What is needed
Leaving the images behind, copy every line of the records exactly.

Collected data entries:
++++

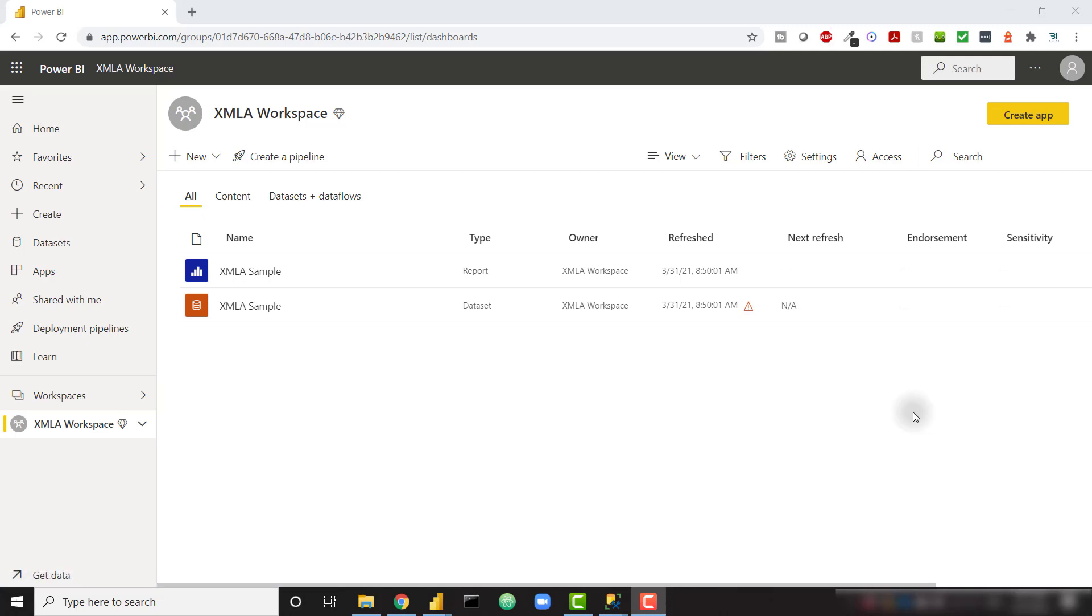What's up everybody? In this video we're going to learn how to connect to Power BI datasets via the XMLA endpoint. This video is actually taken directly from my DA100 course where we cover all of the topics covered on the DA100 Power BI certification exam.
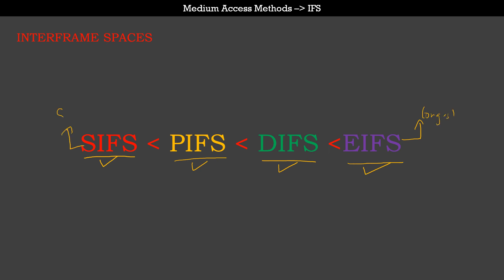There is one more additional type of interframe space called reduced interframe space, or RIFS, which is even shorter than SIFS. However, we won't be discussing this today. RIFS was introduced as part of the 802.11n standard but was quickly deprecated in the 802.11ac standard. This is still used in some other Wi-Fi standards but not very common to see in a normal BSS.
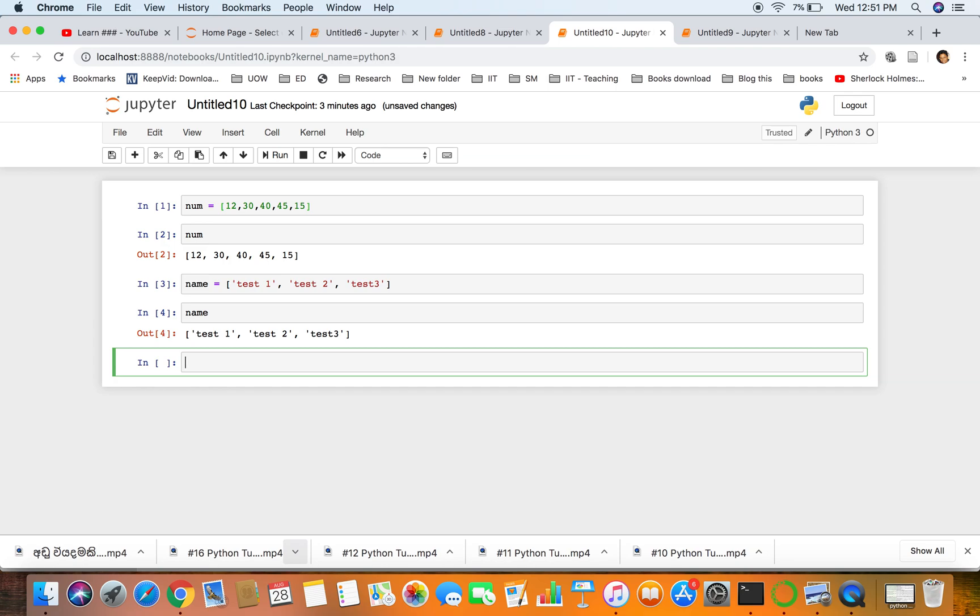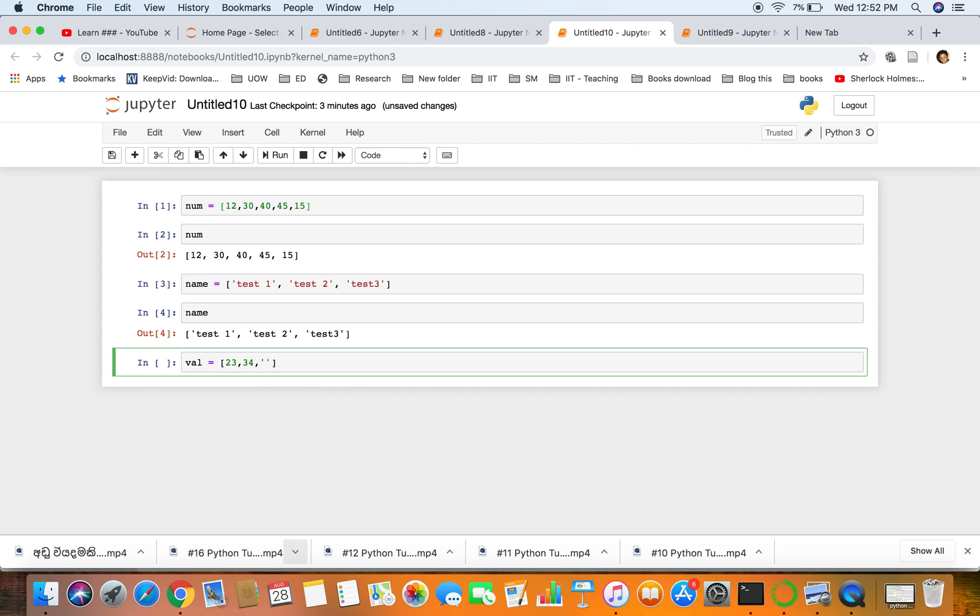Next we'll try to have another list. So values equals 23, 34, and let's have a list as well, let's have a string value.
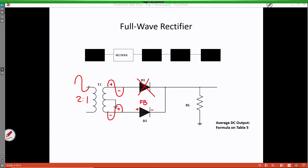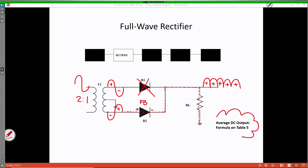With D2 forward biased, we provide another path for current flow. Current is going to flow upwards through RL, same as before, developing that positive going voltage drop on our output. Current will continue to flow — instead of going through D1 this time, we are actually going to go through D2 to the bottom of T1. And that process is going to repeat as the positive and negative alternations of the waveform come in. To calculate the average DC output, please reference table 5 of your formula sheets.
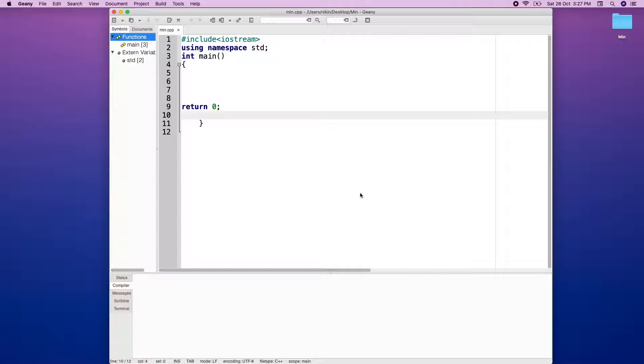I will be able to get a mathematical function in C++.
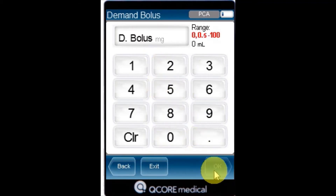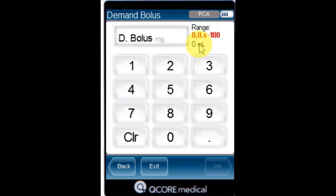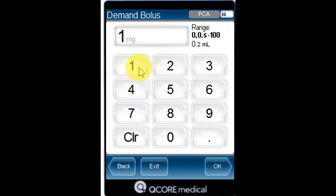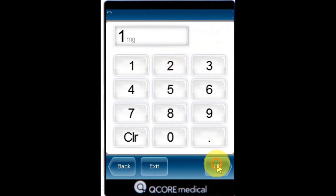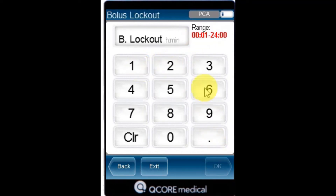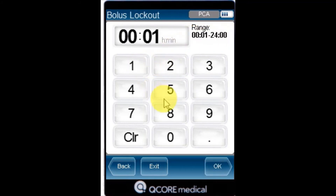The continuous rate can be set to zero. Using the keypad, enter the value for the demand bolus, and then press OK. Using the keypad, enter the value for the bolus lockout, and then press OK.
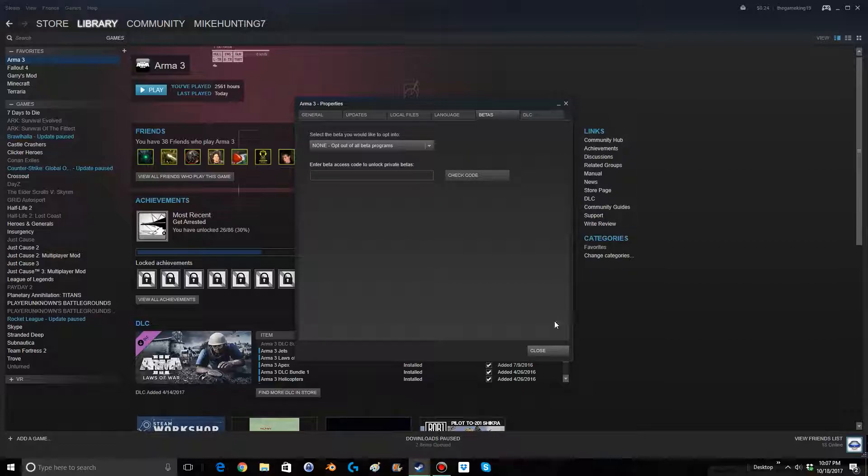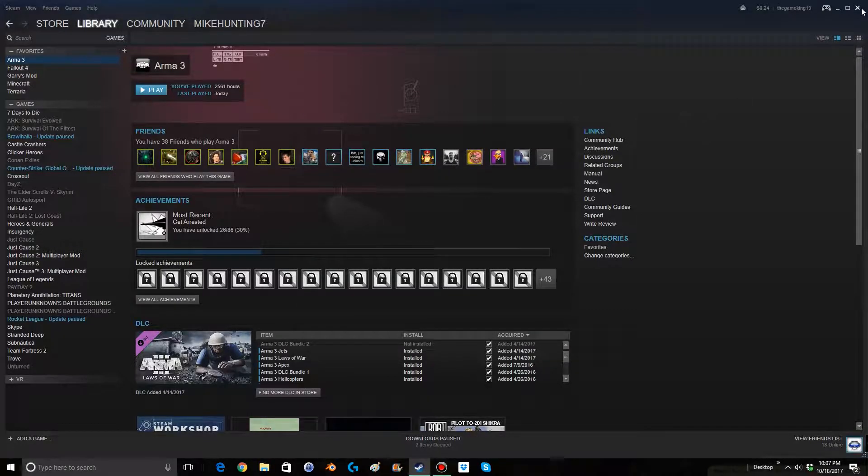Then hit close, and that's it. The game should start to update, and then once it has updated, you are in the development build.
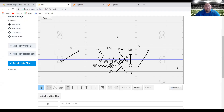Hey coaches, Coach Weathersby here with you. Last week we went over the weak side belly series. Today we're going to go over the strong side belly series, which these plays are going to be the down, the down pass, the belly up, and belly strong.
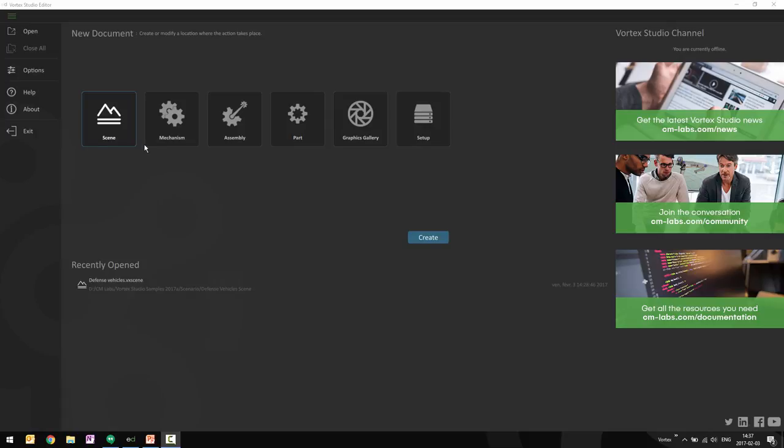To create a new scene, I'm going to select the Scene button here on the New Document page, and I'm going to click on the Create button.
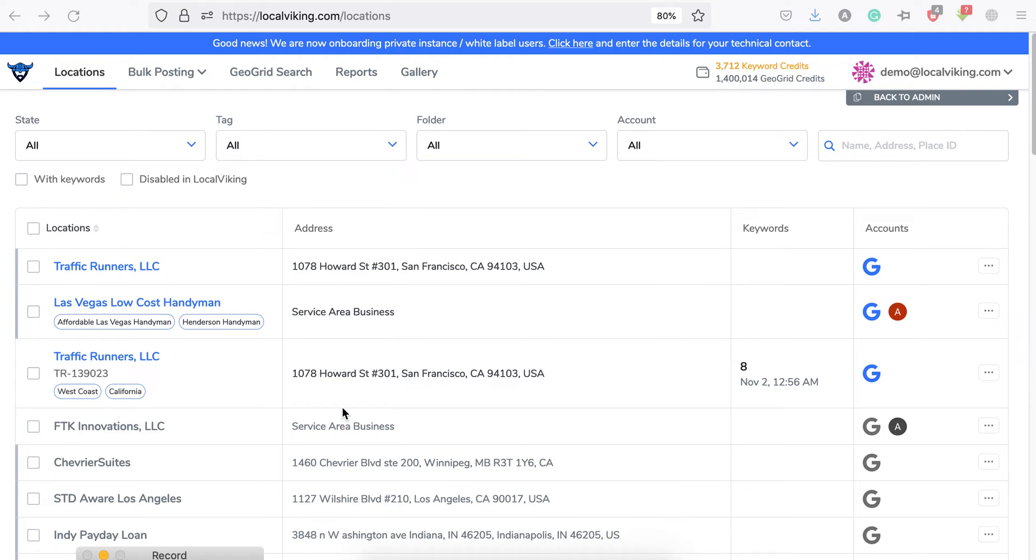Hello, this is Tony. What if I told you that from now on you can add your competitors' businesses to your account to see how they rank in your area, both for keywords and GeoGrid? That's right. Now let's see how we do it.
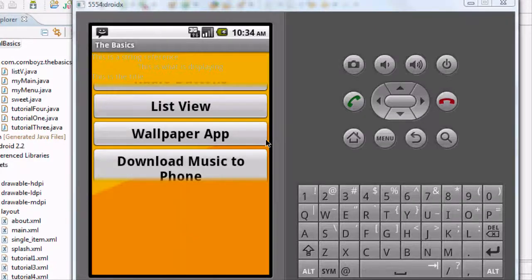Yo, what up players, welcome to your 25th Android tutorial. Thanks for watching, subscribing, giving me comments, joining the forum, all that great stuff.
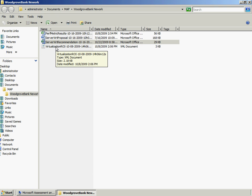MAP generates an XML file at the end of every server consolidation assessment. This XML file can be imported into the Alinion's Virtualization Integration ROI Calculator to analyze potential ROI.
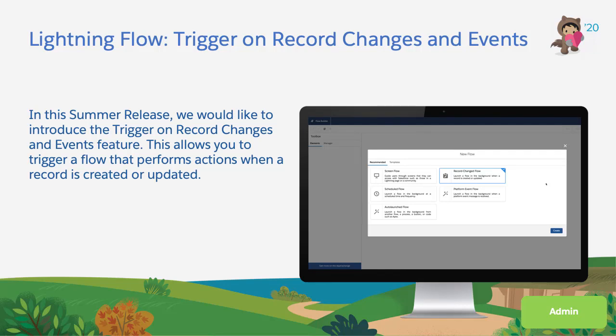In this summer release, we would like to introduce the After Save Flow Trigger feature. This allows you to trigger a flow that performs actions when a record is created or updated.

++++

Output
What's up everybody? In this video we're going to learn how to connect to Power BI datasets via the XMLA endpoint. This video is actually taken directly from my DA100 course where we cover all of the topics covered on the DA100 Power BI certification exam.
There is one more additional type of interframe space called reduced interframe space, or RIFS, which is even shorter than SIFS. However, we won't be discussing this today. RIFS was introduced as part of the 802.11n standard but was quickly deprecated in the 802.11ac standard. This is still used in some other Wi-Fi standards but not very common to see in a normal BSS.
Next we'll try to have another list. So values equals 23, 34, and let's have a list as well, let's have a string value.
With D2 forward biased, we provide another path for current flow. Current is going to flow upwards through RL, same as before, developing that positive going voltage drop on our output. Current will continue to flow — instead of going through D1 this time, we are actually going to go through D2 to the bottom of T1. And that process is going to repeat as the positive and negative alternations of the waveform come in. To calculate the average DC output, please reference table 5 of your formula sheets.
I will be able to get a mathematical function in C++.
The continuous rate can be set to zero. Using the keypad, enter the value for the demand bolus, and then press OK. Using the keypad, enter the value for the bolus lockout, and then press OK.
Then hit close, and that's it. The game should start to update, and then once it has updated, you are in the development build.
Hey coaches, Coach Weathersby here with you. Last week we went over the weak side belly series. Today we're going to go over the strong side belly series, which these plays are going to be the down, the down pass, the belly up, and belly strong.
To create a new scene, I'm going to select the Scene button here on the New Document page, and I'm going to click on the Create button.
Hello, this is Tony. What if I told you that from now on you can add your competitors' businesses to your account to see how they rank in your area, both for keywords and GeoGrid? That's right. Now let's see how we do it.
Yo, what up players, welcome to your 25th Android tutorial. Thanks for watching, subscribing, giving me comments, joining the forum, all that great stuff.
MAP generates an XML file at the end of every server consolidation assessment. This XML file can be imported into the Alinion's Virtualization Integration ROI Calculator to analyze potential ROI.
In this summer release, we would like to introduce the After Save Flow Trigger feature. This allows you to trigger a flow that performs actions when a record is created or updated.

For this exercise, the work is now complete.